We should clarify that what @time reports is specifically heap allocations, which are typically needed for either mutable objects or for creating/growing variable-sized containers (such as Array or Dict, strings, or “type-unstable” objects whose type is only known at runtime). Allocating (or deallocating) such blocks of memory may require an expensive system call (e.g. via malloc in C), and they must be tracked for garbage collection. In contrast, immutable values like numbers (except bignums), tuples, and immutable structs can be stored much more cheaply, e.g. in stack or CPU-register memory, so one doesn’t typically worry about the performance cost of “allocating” them.
Unexpected memory allocation is almost always a sign of some problem with your code, usually a problem with type-stability or creating many small temporary arrays. Consequently, in addition to the allocation itself, it’s very likely that the code generated for your function is far from optimal. Take such indications seriously and follow the advice below.
ugh. I have read it, but perhaps I am even more confused now.
So, when we are worried about allocation we only means “allocation to the heap”, that is where an identifier is bound to a slow memory area whose content can be controlled by the programmer and in particular we can change its content by modifying the object bounded by the identifier.
Conversely when the identifier is bound to an immutable object, Julia “allocate” the memory, but on the fast “stack” area that we can not control and we don’t count it as an allocation, right ?
To actually understand all that one needs to go into the details of what are heap and stack memories (which physically are the same, by the way). I have only a partial understanding of that, actually.
I think the best intuitive image one can have is that of thinking of stack-allocated objects as just complicated numbers. One does not expect that this allocates, of course:
x = 0
since we are just modifying the content of what is in the position 1 of x. The thing is that numbers are not something special, they are just collections of bits. Thus, a complex object can be treated similarly, if it has a clearly defined memory layout:
x = A(0,0.0)
that doesn’t have any reason to allocate more or less than in the number case. We are just rewriting the bits of the memory associated to x.

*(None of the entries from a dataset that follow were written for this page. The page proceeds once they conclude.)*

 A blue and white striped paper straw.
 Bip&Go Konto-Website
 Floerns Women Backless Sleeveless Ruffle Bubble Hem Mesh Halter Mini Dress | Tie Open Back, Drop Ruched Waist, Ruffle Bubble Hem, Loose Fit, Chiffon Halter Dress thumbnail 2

However, if A was mutable, that means that we needed a way to access an instance of A independently, which means it has to have an address in the memory, and then it goes to the heap, where objects that need an address are organized. And that introduces an indirection level of reference to that object, and that object has to be individually allocated.
Not quite, no. From the perspective of performance and speed of memory access, stack & heap are equally fast. That’s not the issue.
What is an issue is that if a variable can be placed on the stack, there is no extra work that needs to be performed to clean up that variable and its memory when it is no longer in use and the function returns.
When we speak of an “allocation”, we mean asking the garbage collector for some memory, to store things in for longer than the current function runs. This “asking for memory” takes some time - usually a few microseconds - and means that the garbage collector has to keep track of which object is still in use, how likely it is to be used in the future and so on. In the same vain, when we no longer need it, the garbage collector has to figure out that we truly no longer need it - meaning that our code does not have any possible way to access that memory, at which point it will be given back to the OS.
So what’s slow is not the fact that it’s a piece of memory in some “slower” part of memory - all memory is equally fast - but the whole song & dance around managing that memory that’s slow. This is also not really related to whether a variable is mutable or not - there’s lots of cases where a mutable object can be allocated on the stack, if it doesn’t get used longer than the function it’s allocated in.
Generally speaking, immutable objects can have an easier time to end up on the stack (and thus don’t need to be managed by the GC explicitly), if they have a (to the compiler) fixed/known size, which is why they’re often recommended. There’s nothing making them inherently faster though.
One possible complication is that arrays of mutable objects generally have to be arrays of pointers, not arrays of the packed memory layout of the objects, because multiple positions of the array may reference to the same object, something that cannot happen with immutable ones. Thus the elements of the array (the objects) may become heap objects, and everything slows down.
(I’m not disagreeing with anything you said, @Sukera, just pointing that from performance perspective there any many cases where mutability and immutability get intertwined with how the memory is accessed, with performance implications).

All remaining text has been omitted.